_Directions for this task_
What you produce should be an exact transcription of the data, minus any pictures.

_Given material_
====

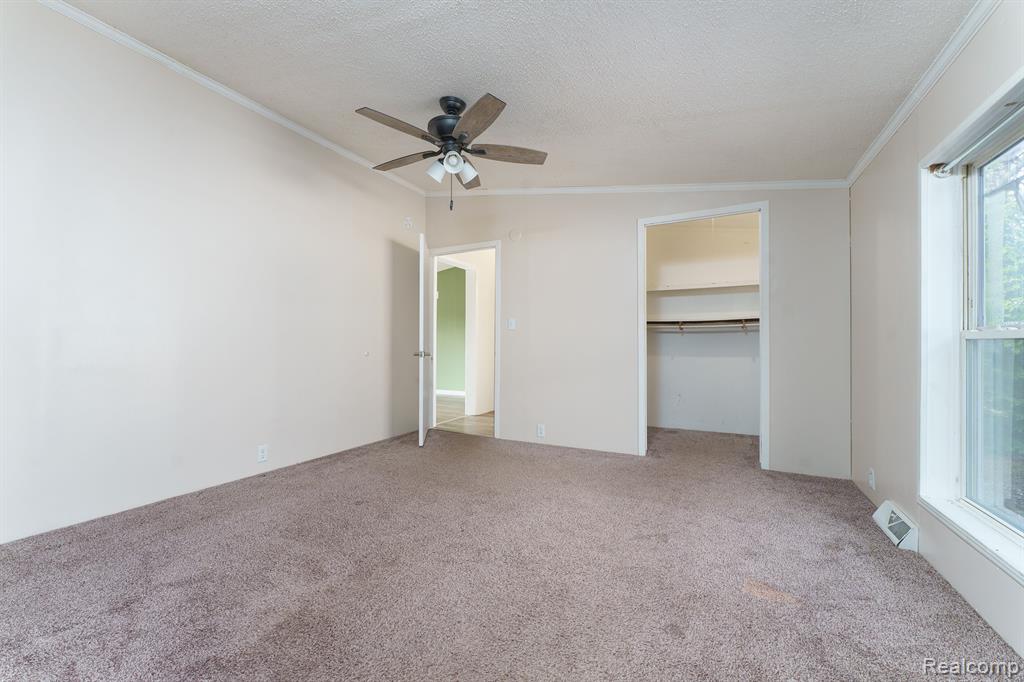 511 1ST Street, Gregory, MI 48137 — Photo 20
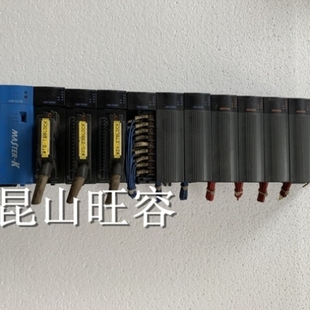 D22A PAFA 07AS DMMA D24A议 RY2A 议价GM6 G6Q G6I K3P GM6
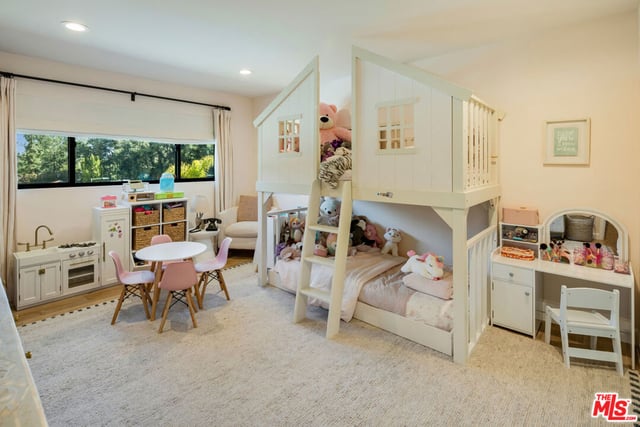 17145 Addison Street, Encino, CA 91316 — photo 41 of 56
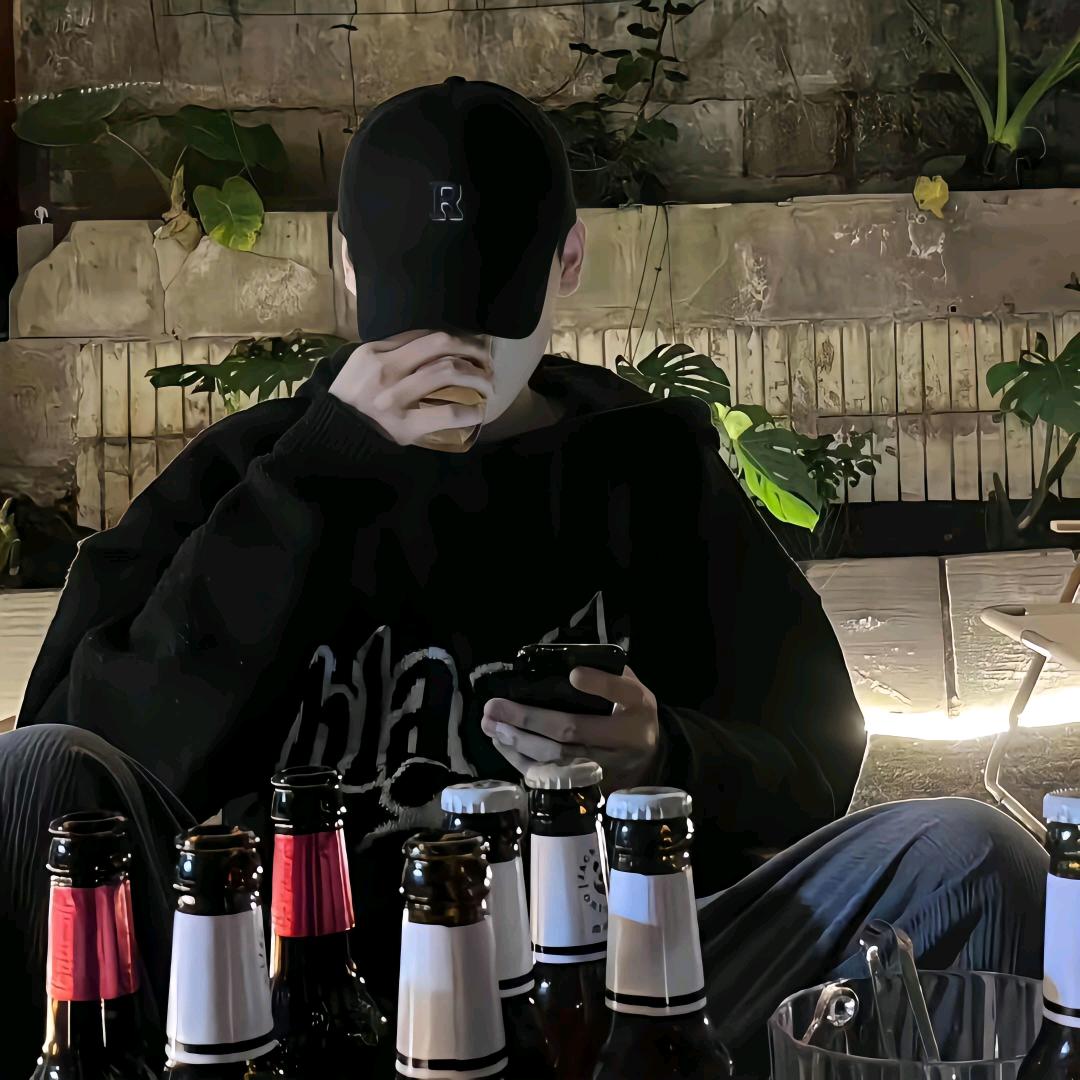 秦记敞开吃冷锅鱼(略阳店)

====

_Response for this exercise_
 511 1ST Street, Gregory, MI 48137 — Photo 20
 D22A PAFA 07AS DMMA D24A议 RY2A 议价GM6 G6Q G6I K3P GM6
 17145 Addison Street, Encino, CA 91316 — photo 41 of 56
 秦记敞开吃冷锅鱼(略阳店)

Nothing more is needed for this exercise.